Pagans in Vegas
(Metric Music International/Universal Music Group)
Seamus Hamilton-Pattison January 11, 2016
Since the commercial and critical breakthrough of Fantasies (the record that spawned the un-goddamn-believable “Gimme Sympathy” and “Help I’m Alive”), Toronto-based indie rock quartet Metric has embraced an increasingly synthy sound more akin to contemporary pop music with each album.
Pagans in Vegas is to date, the epitome of this sound. Gone are guitarist James Shaw’s tight, driving, distorted guitar riffs. Gone too, is the endearing and sneering spoken-word delivery frontwoman Emily Haines frequently employed. These aspects of Metric have been effectively replaced by clean, reverb-drenched guitars over synthesizer-centric backing tracks to Haines’ now-pitch perfect, sickly sweet vocal stylings.
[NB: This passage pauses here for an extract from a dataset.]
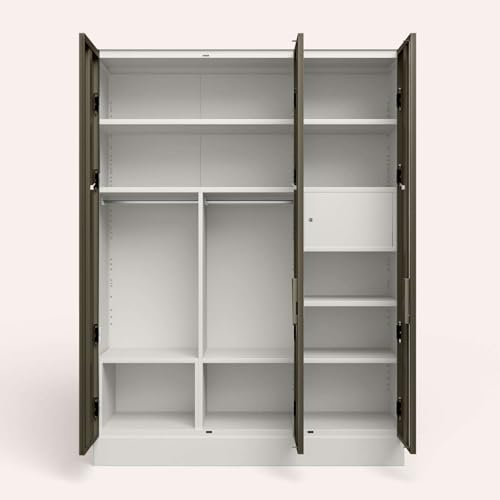 Image of Interio by Godrej Almirah Slimline XL 3 Door Steel Almirah, Cupboard for Clothes (Textured Tree Bark and Alpine White), 1 Year Warranty, Locker, 8 Shelves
If that latter sound’s description is familiar to you, that’s because it’s extremely pervasive through mainstream indie/pop music these days. That’s the thing about Metric: even if they’re far from the forefront of popular music, the band’s new album still sounds trendy and relevant, without sacrificing authenticity.
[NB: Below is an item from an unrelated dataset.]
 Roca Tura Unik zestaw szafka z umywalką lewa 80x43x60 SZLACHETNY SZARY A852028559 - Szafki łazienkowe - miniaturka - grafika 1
With its 8-bit blips and definitively ’80s synth sound, “The Shade” could easily soundtrack your next stylish, pseudo-nerdy loft party.
“Too Bad, So Sad” is a club banger at-the-ready, sounding for all the world like Tiësto had a writing credit. Haines even resurrects her signature vocal inflection for this track’s chorus, bringing us the earworm line “Oh yeah, woo-hoo! Too bad, woo-hoo! So sad, woo-hoo!”
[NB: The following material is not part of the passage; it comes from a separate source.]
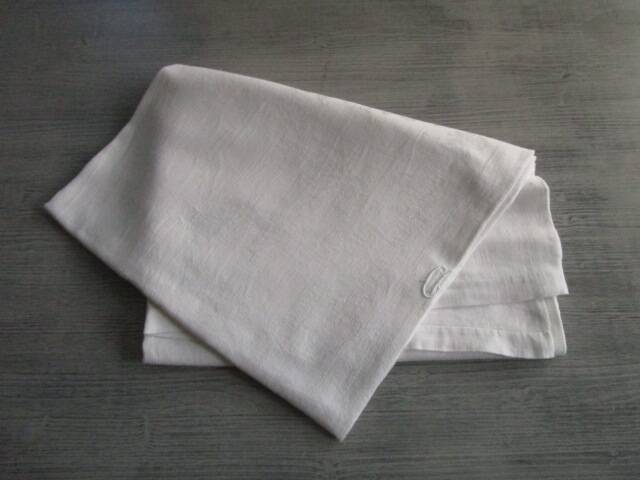 Old monogram damask tablecloth 215x150cm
Like me, you might be initially put off by this album’s flaunting of the most electronic, pop-oriented sounds the band has produced to date. Stick it out though, because everything you like about Metric is still in place. Shaw’s a subtle guitarist, and still weaves his simple, melodic leads into almost every song. Emily Haines sings a little lower and softer, but still brings plenty of sass and pomp to her unique, powerful vocals.
Pagans in Vegas is Metric’s blatant, but well-executed attempt to stay on the cutting edge of pop and captivate new audiences. If they succeed, it’s well-deserved.